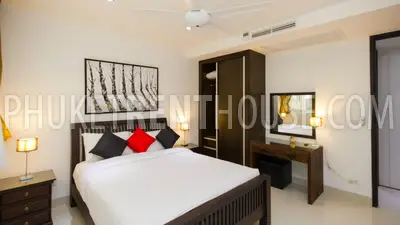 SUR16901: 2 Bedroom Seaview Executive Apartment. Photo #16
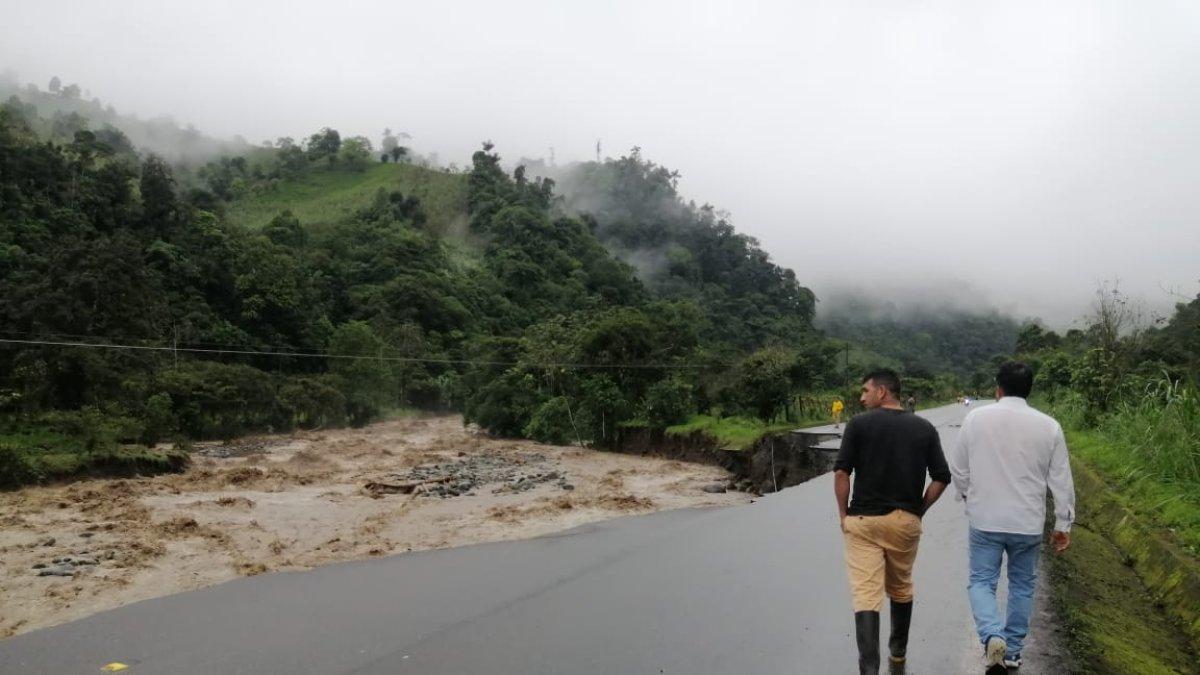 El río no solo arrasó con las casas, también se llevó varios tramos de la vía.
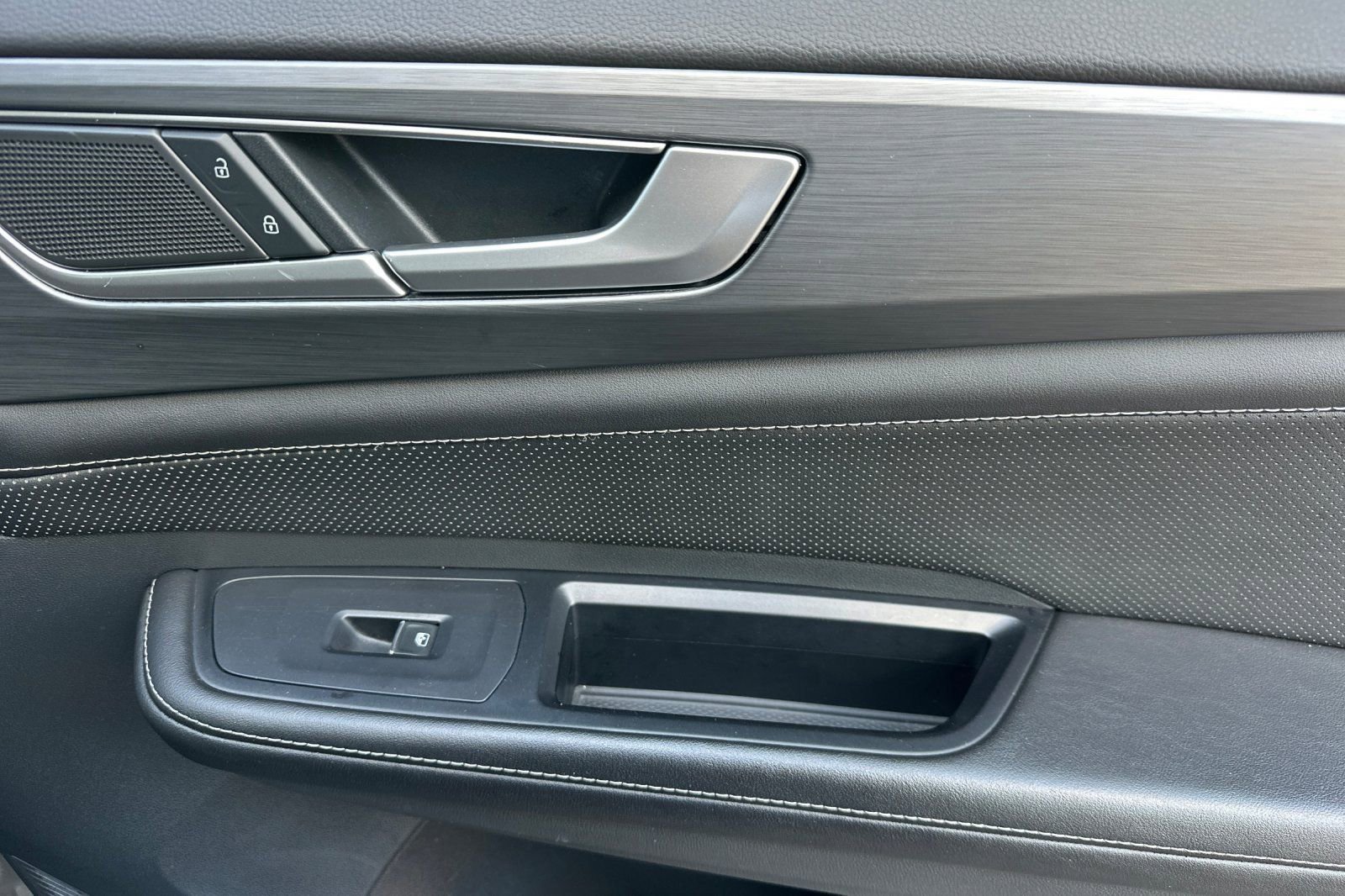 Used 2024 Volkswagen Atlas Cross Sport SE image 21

--*--

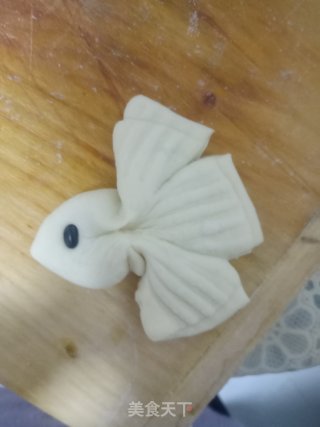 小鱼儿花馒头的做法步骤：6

--*--

_Exercise requirements_
Output exactly those lines of the data above that run from the line with "SUR16901: 2 Bedroom" up to and including the line with "Used 2024 Volkswagen". No pictures go in.

_Response area_
 SUR16901: 2 Bedroom Seaview Executive Apartment. Photo #16
 El río no solo arrasó con las casas, también se llevó varios tramos de la vía.
 Used 2024 Volkswagen Atlas Cross Sport SE image 21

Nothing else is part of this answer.